● **Problem to work on**
Starting at the line that holds "Homepage of Mil-spares" and stopping at the line that holds "Cheesy tomato gnocchi", restate the records below word for word, with both of those lines included.

● **Records supplied**

◆ ◆ ◆ ◆ ◆

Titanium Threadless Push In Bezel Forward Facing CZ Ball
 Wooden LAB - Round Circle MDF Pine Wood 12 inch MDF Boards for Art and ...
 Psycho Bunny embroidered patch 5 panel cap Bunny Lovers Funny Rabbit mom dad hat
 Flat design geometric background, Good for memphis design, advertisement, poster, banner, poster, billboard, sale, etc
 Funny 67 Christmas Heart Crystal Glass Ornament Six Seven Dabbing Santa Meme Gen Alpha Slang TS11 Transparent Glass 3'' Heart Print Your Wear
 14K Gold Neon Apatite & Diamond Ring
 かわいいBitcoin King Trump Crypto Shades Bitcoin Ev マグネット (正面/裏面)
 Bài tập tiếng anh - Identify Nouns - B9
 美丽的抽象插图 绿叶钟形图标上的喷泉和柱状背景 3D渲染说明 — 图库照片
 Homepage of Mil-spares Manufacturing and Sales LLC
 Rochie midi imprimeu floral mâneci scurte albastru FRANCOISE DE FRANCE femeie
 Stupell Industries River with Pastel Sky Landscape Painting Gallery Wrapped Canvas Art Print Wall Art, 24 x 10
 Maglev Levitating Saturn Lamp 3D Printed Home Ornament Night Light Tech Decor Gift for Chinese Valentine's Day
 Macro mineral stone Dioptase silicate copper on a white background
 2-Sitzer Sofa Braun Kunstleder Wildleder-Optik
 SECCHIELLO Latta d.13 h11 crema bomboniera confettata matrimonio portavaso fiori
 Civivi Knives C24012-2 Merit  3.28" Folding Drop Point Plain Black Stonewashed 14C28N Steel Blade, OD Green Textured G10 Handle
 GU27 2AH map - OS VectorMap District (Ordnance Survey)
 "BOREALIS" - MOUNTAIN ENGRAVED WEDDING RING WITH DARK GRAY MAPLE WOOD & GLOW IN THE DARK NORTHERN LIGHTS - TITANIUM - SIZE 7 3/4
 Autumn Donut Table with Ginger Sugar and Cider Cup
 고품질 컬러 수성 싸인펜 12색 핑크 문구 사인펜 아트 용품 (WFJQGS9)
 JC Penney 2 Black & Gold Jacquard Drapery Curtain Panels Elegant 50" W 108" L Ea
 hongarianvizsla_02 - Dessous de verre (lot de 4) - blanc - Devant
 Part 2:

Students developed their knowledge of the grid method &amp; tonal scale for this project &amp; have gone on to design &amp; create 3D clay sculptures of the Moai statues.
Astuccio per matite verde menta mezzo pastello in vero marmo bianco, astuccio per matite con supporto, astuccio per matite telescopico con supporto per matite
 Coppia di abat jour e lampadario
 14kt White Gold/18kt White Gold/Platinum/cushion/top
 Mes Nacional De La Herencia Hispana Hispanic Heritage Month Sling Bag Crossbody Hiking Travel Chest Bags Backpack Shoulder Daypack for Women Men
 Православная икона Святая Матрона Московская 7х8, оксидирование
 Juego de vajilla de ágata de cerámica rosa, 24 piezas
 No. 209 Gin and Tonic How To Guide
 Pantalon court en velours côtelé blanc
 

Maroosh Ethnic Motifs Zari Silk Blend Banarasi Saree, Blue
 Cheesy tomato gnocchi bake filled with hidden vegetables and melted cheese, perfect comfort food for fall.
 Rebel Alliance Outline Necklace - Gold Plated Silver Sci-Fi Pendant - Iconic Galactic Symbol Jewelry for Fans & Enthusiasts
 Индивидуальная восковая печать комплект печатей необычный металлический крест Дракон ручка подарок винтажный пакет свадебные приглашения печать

◆ ◆ ◆ ◆ ◆

● **Answer area**
 Homepage of Mil-spares Manufacturing and Sales LLC
 Rochie midi imprimeu floral mâneci scurte albastru FRANCOISE DE FRANCE femeie
 Stupell Industries River with Pastel Sky Landscape Painting Gallery Wrapped Canvas Art Print Wall Art, 24 x 10
 Maglev Levitating Saturn Lamp 3D Printed Home Ornament Night Light Tech Decor Gift for Chinese Valentine's Day
 Macro mineral stone Dioptase silicate copper on a white background
 2-Sitzer Sofa Braun Kunstleder Wildleder-Optik
 SECCHIELLO Latta d.13 h11 crema bomboniera confettata matrimonio portavaso fiori
 Civivi Knives C24012-2 Merit  3.28" Folding Drop Point Plain Black Stonewashed 14C28N Steel Blade, OD Green Textured G10 Handle
 GU27 2AH map - OS VectorMap District (Ordnance Survey)
 "BOREALIS" - MOUNTAIN ENGRAVED WEDDING RING WITH DARK GRAY MAPLE WOOD & GLOW IN THE DARK NORTHERN LIGHTS - TITANIUM - SIZE 7 3/4
 Autumn Donut Table with Ginger Sugar and Cider Cup
 고품질 컬러 수성 싸인펜 12색 핑크 문구 사인펜 아트 용품 (WFJQGS9)
 JC Penney 2 Black & Gold Jacquard Drapery Curtain Panels Elegant 50" W 108" L Ea
 hongarianvizsla_02 - Dessous de verre (lot de 4) - blanc - Devant
 Part 2:

Students developed their knowledge of the grid method &amp; tonal scale for this project &amp; have gone on to design &amp; create 3D clay sculptures of the Moai statues.
Astuccio per matite verde menta mezzo pastello in vero marmo bianco, astuccio per matite con supporto, astuccio per matite telescopico con supporto per matite
 Coppia di abat jour e lampadario
 14kt White Gold/18kt White Gold/Platinum/cushion/top
 Mes Nacional De La Herencia Hispana Hispanic Heritage Month Sling Bag Crossbody Hiking Travel Chest Bags Backpack Shoulder Daypack for Women Men
 Православная икона Святая Матрона Московская 7х8, оксидирование
 Juego de vajilla de ágata de cerámica rosa, 24 piezas
 No. 209 Gin and Tonic How To Guide
 Pantalon court en velours côtelé blanc
 

Maroosh Ethnic Motifs Zari Silk Blend Banarasi Saree, Blue
 Cheesy tomato gnocchi bake filled with hidden vegetables and melted cheese, perfect comfort food for fall.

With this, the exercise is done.